Porch wines don’t have the big alcohol or tannins (that puckery feeling in the back of the mouth) that heavier wines do. In this, they’re more refreshing and don’t make you feel even more uncomfortable than the heat already does. Doubt that premise? Then taste one of the ones suggested below, and then taste a cabernet sauvignon with 14.5 percent alcohol. You’ll be amazed at the difference.
• Grocery store pinot noirs that cost about $10, such as Mark West from California or the Chilean Cono Sur Bicicleta, are soft, fruity red wines with lower alcohol, and chilling them a little doesn’t ruin them either.
• Italian producers churn out millions and millions of cases of cheap pinot grigio, most of indifferent quality.

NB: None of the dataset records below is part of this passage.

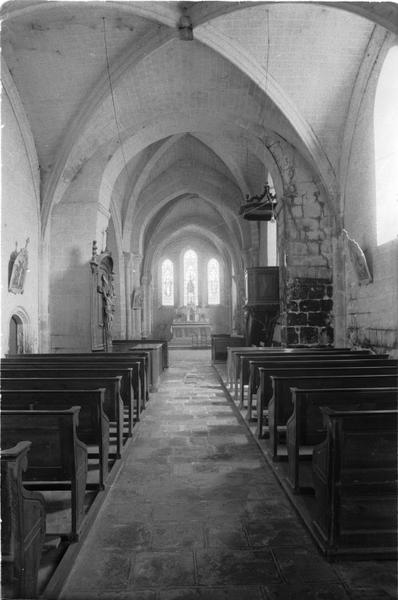 Vue axiale de la nef vers le choeur.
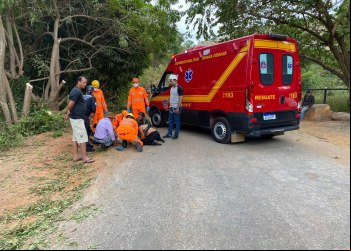 Quase morreu: Mulher salta de "Bugee jump" e cai de viaduto a 20m de altura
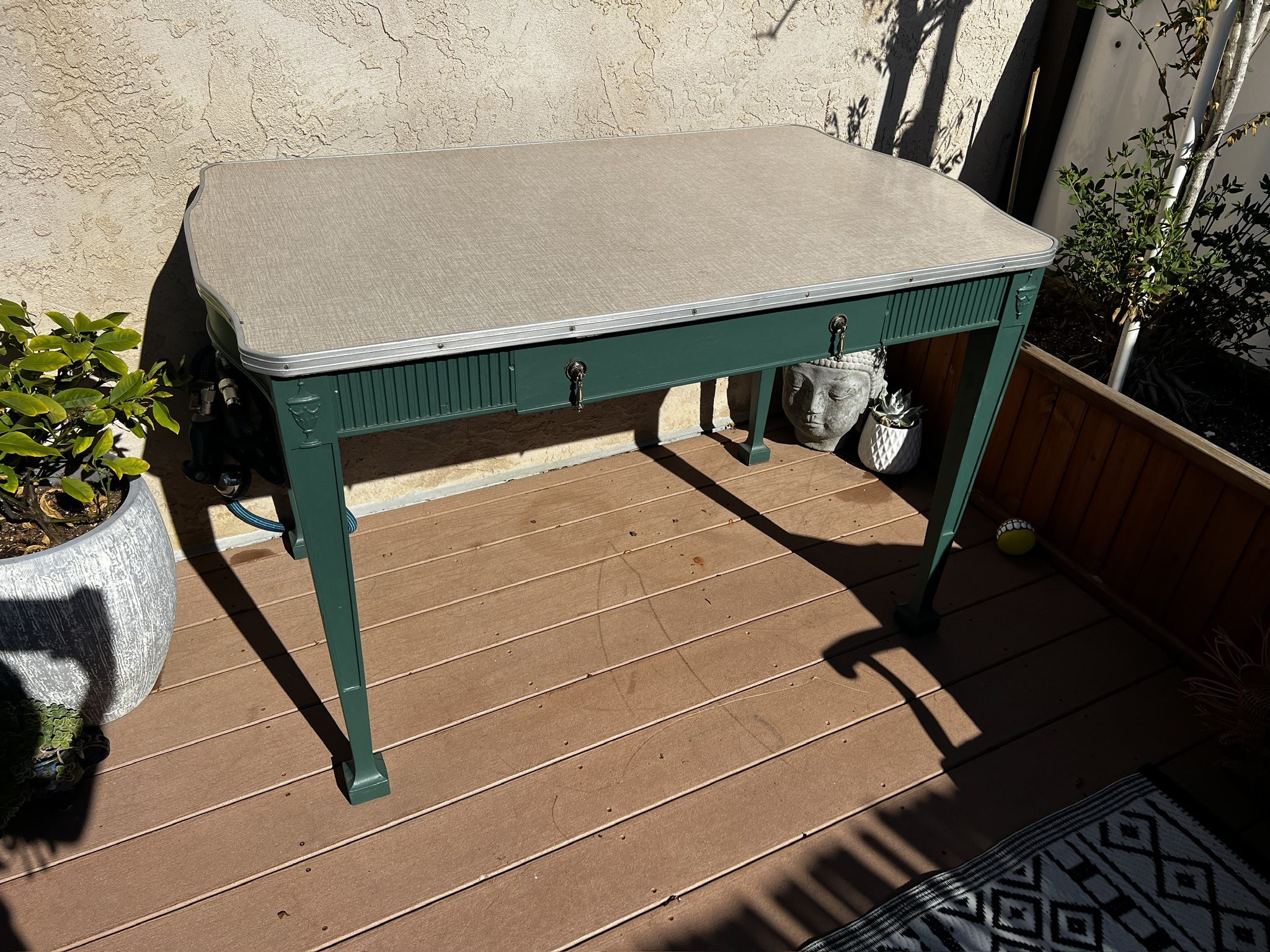 Rectangular Retro/Antique Table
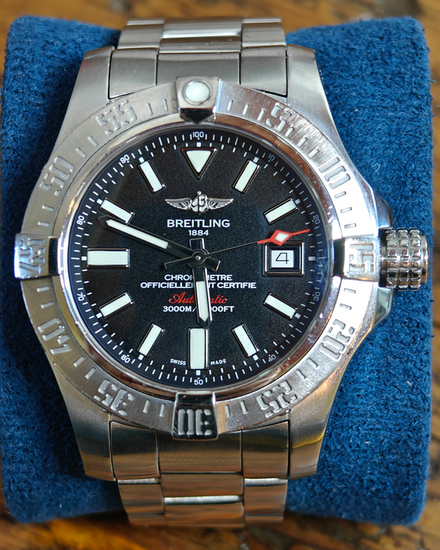 No Reserve - 2014 Breitling Avenger II Seawolf 45MM Black Dial Steel Bracelet (A17331)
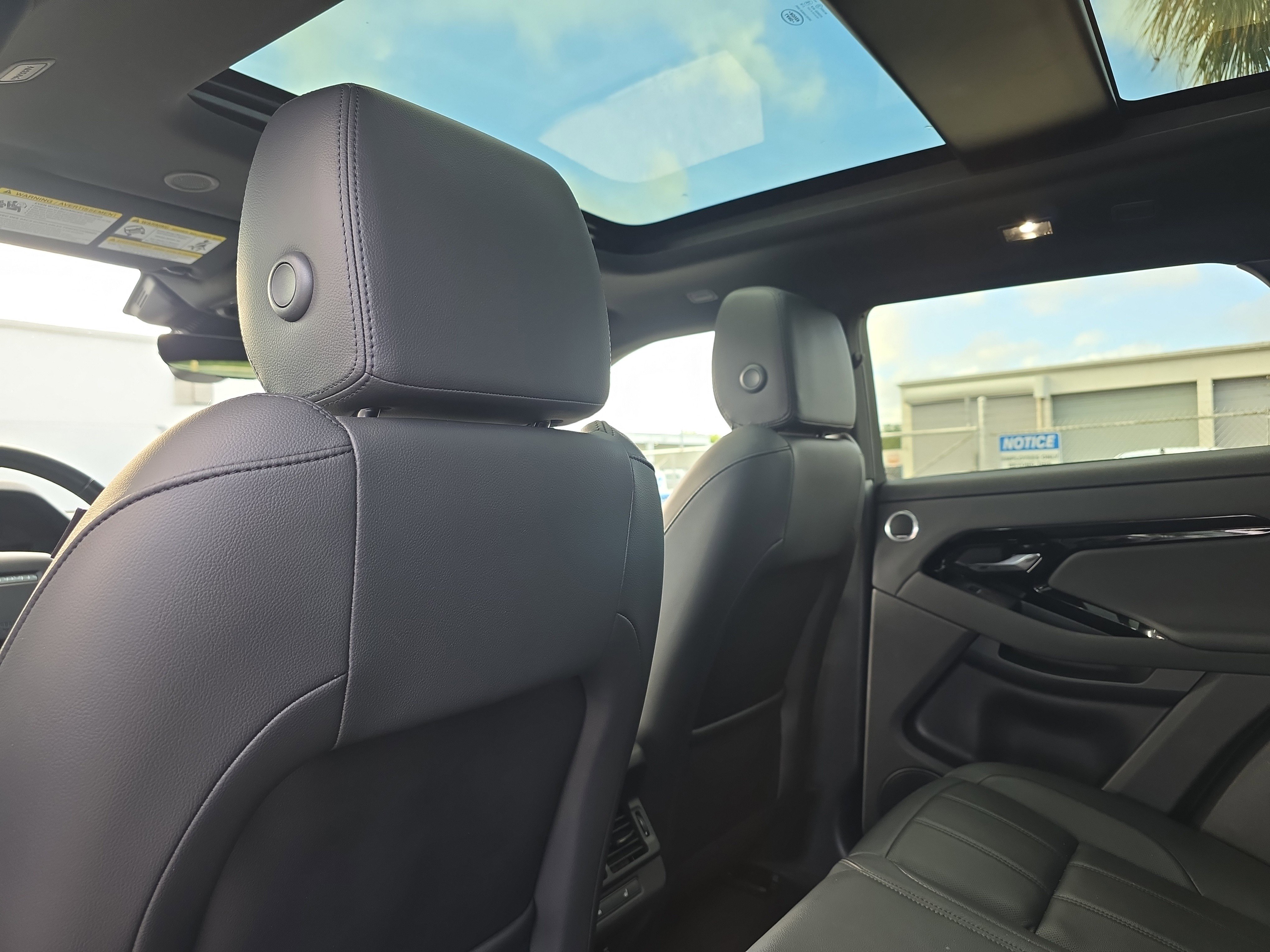 Used 2024 Land Rover Range Rover Evoque S AWD/4WD image 15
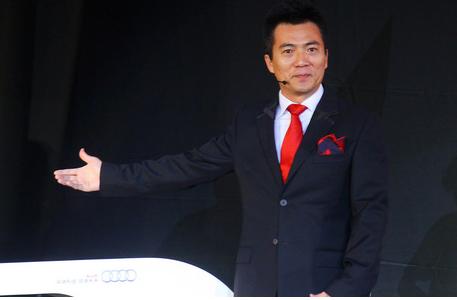 美女足球记者被砸,美女足球记者被球砸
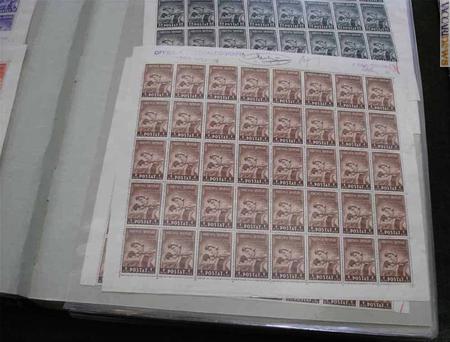 Materiale di archivio riguardante francobolli realizzati per l'Albania occupata, oggi conservato all'Ipzs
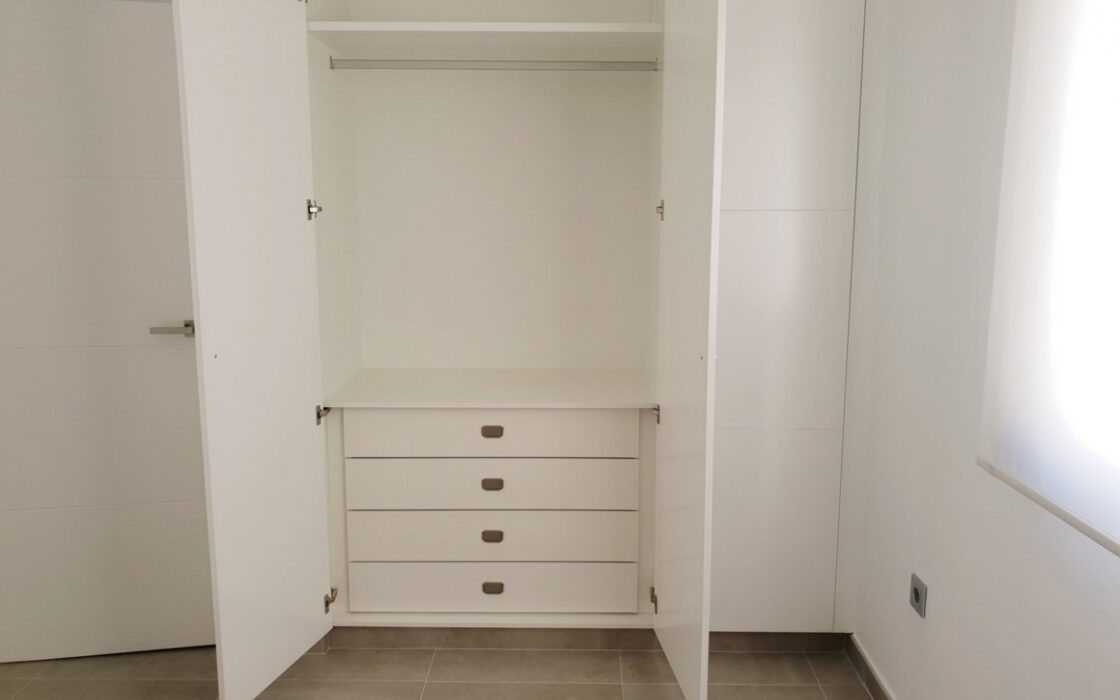 Нові вілли в Пінар-де-Камповерде з солярієм та ділянкою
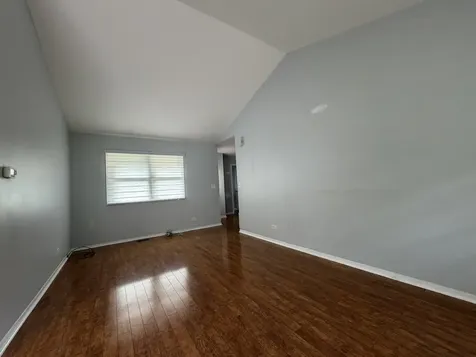 1900 Stanford Drive Naperville IL 60565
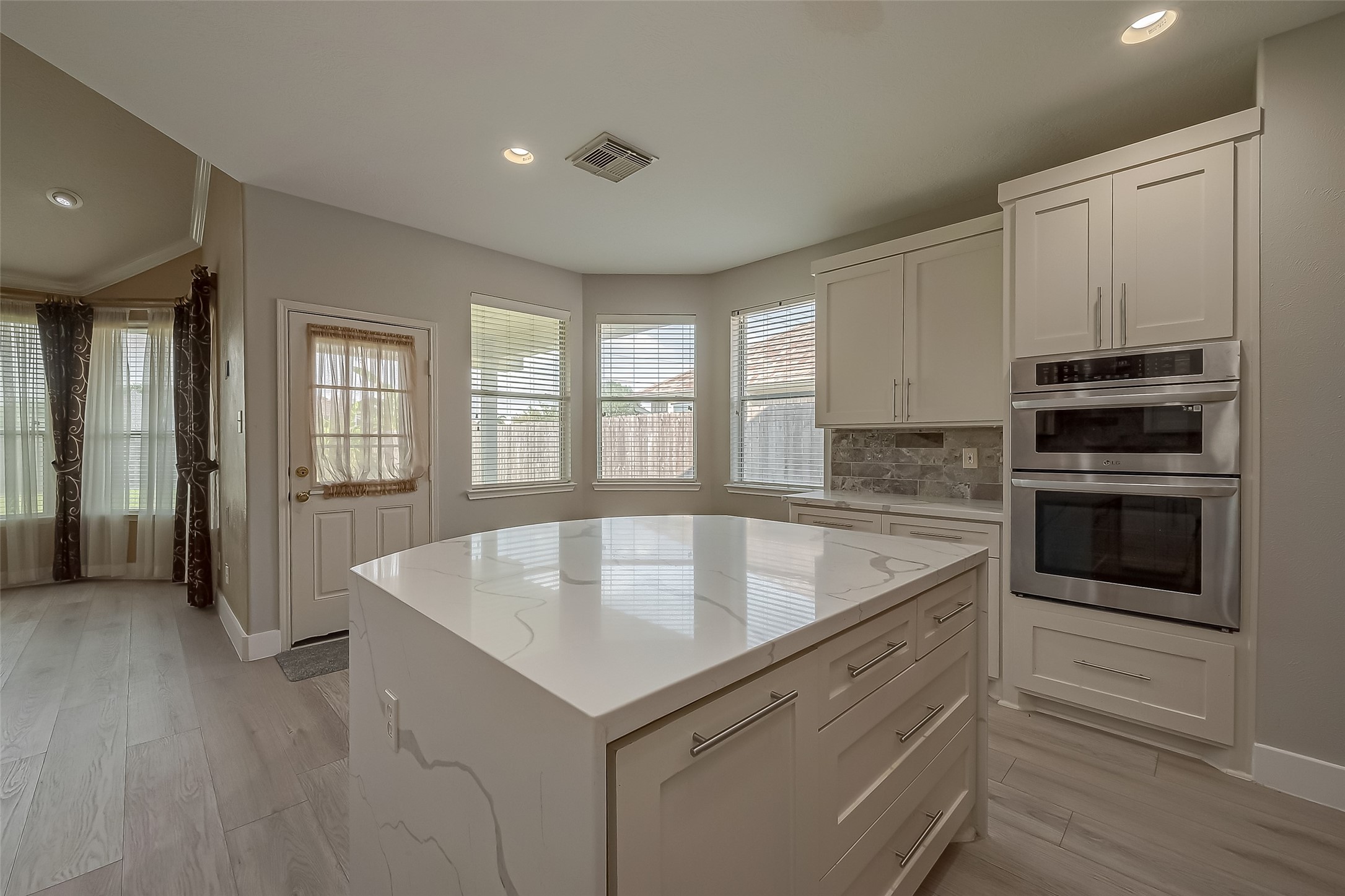14026 Shamrock Park Lane Property Photo 27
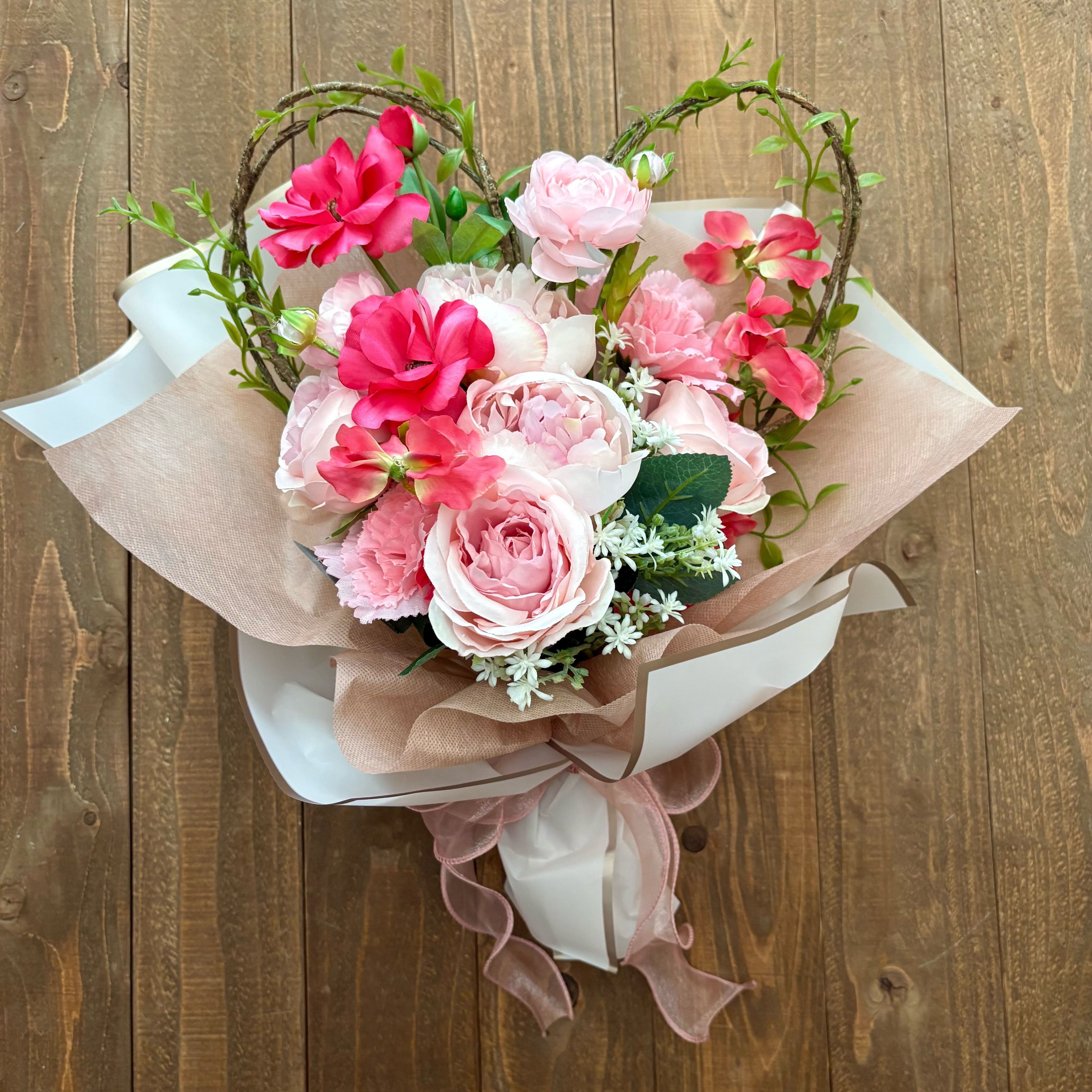 《ホワイトデー》《結婚記念日》ピンク系ハートのROSEブーケ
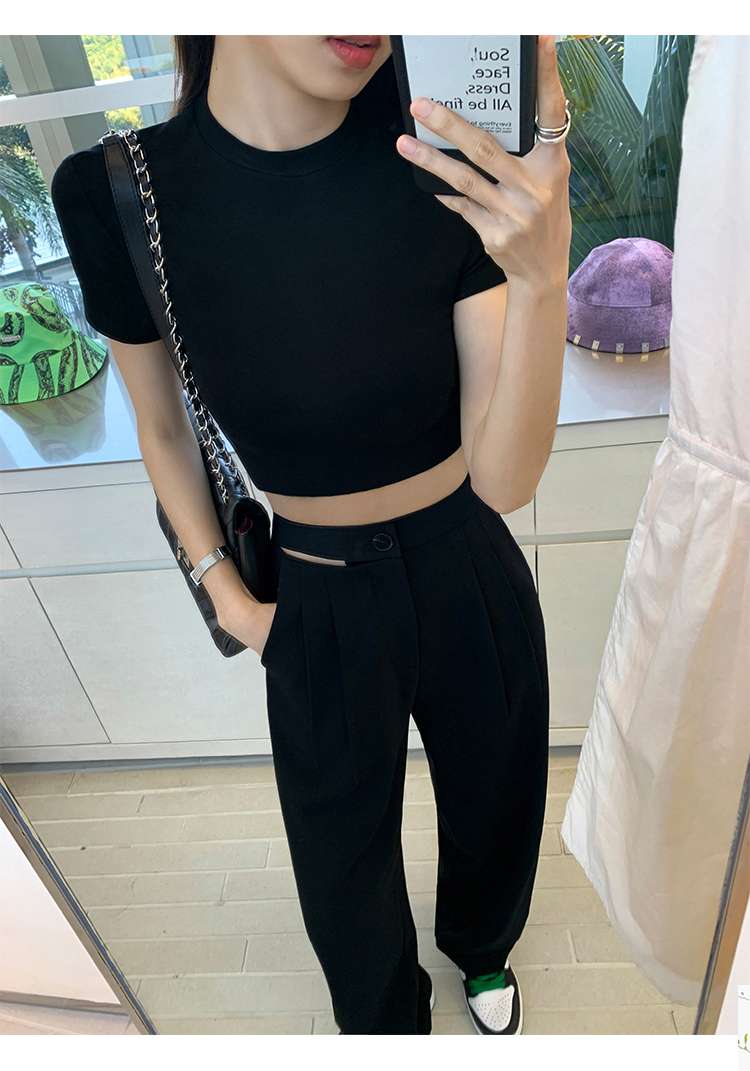 ストリートファッション スリムフィットクロップドTシャツ
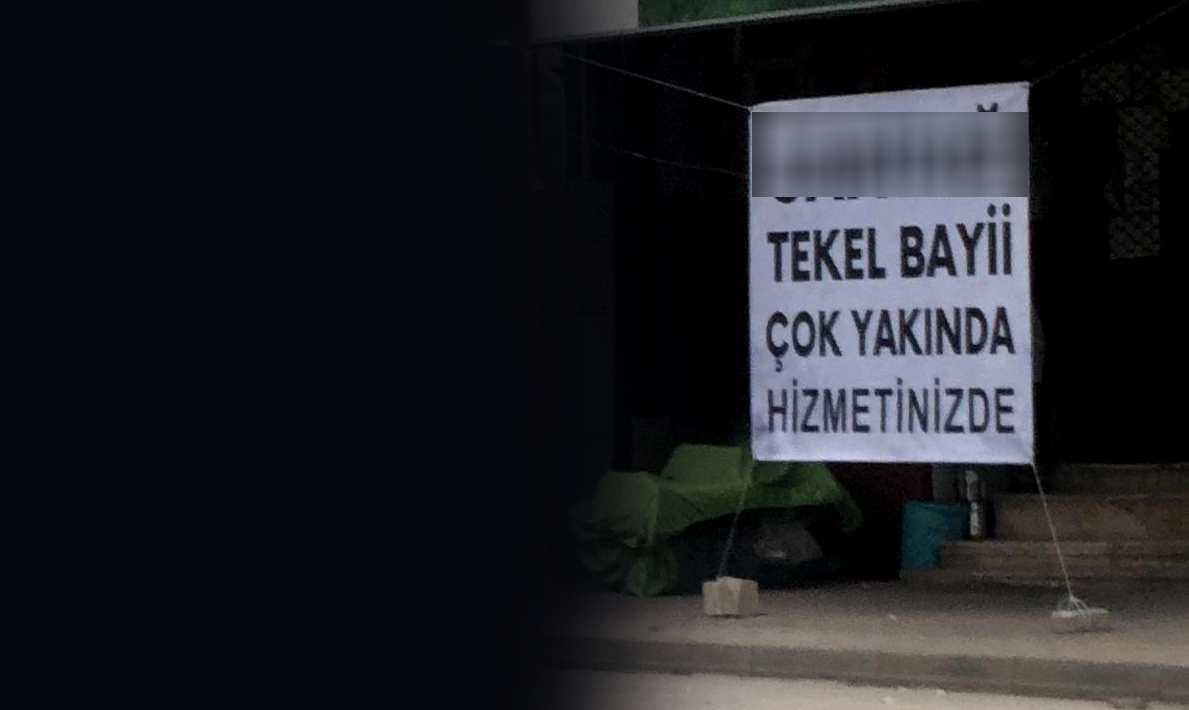 Ramazan ayında tepki çeken pankart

But some are more than that, including Bollini ($10). Pepi ($8), from California, also is a fine value.
• Vinho verde means green wine in Portuguese, and these wines have a greenish tint (and a little fizz, too). Most are $8 or less, with low alcohol and sweetish green apple fruit. This year, the Sonalto was one of the best, and you may also see it labeled Santola (made by the same producer, but for a different retailer).
with your wine
Serves four, takes about 20 minutes
Chickpeas, also called garbanzos, are one of those things that much of the world loves (hummus, falafel) but aren’t as popular here. These are light and easy to make, and they’re a nice change from burgers or hot dogs on a hot August evening. Serve on buns or in pitas. A vinho verde would pair quite well.
2 cups cooked chickpeas (well drained if canned)
4 green onions, trimmed and sliced
2 tablespoons flour
3-4 tablespoons chopped cilantro
1 clove chopped garlic
1 teaspoon ground cumin
salt and pepper to taste
2 tablespoons olive oil
1. Place chickpeas, green onions, egg, flour, cilantro, garlic, cumin, and salt and pepper in a food processor. Pulse, stopping once or twice to scrape down the sides, until a coarse mixture forms that holds together when pressed. It will be moist, but workable. Form into four patties.
2. In a large nonstick skillet over medium-high heat, warm the olive oil. Add patties and cook until golden and beginning to crisp, 4 to 5 minutes. Carefully flip and cook until golden brown, 2 to 4 minutes more.
Ask the wine guy
What does it mean when a wine is hot?
That the alcohol is not in balance with the fruit, acid and other parts of the wine. Both red and whites can be hot; you’ll notice an unpleasant feeling in the back of your mouth or even in your nose.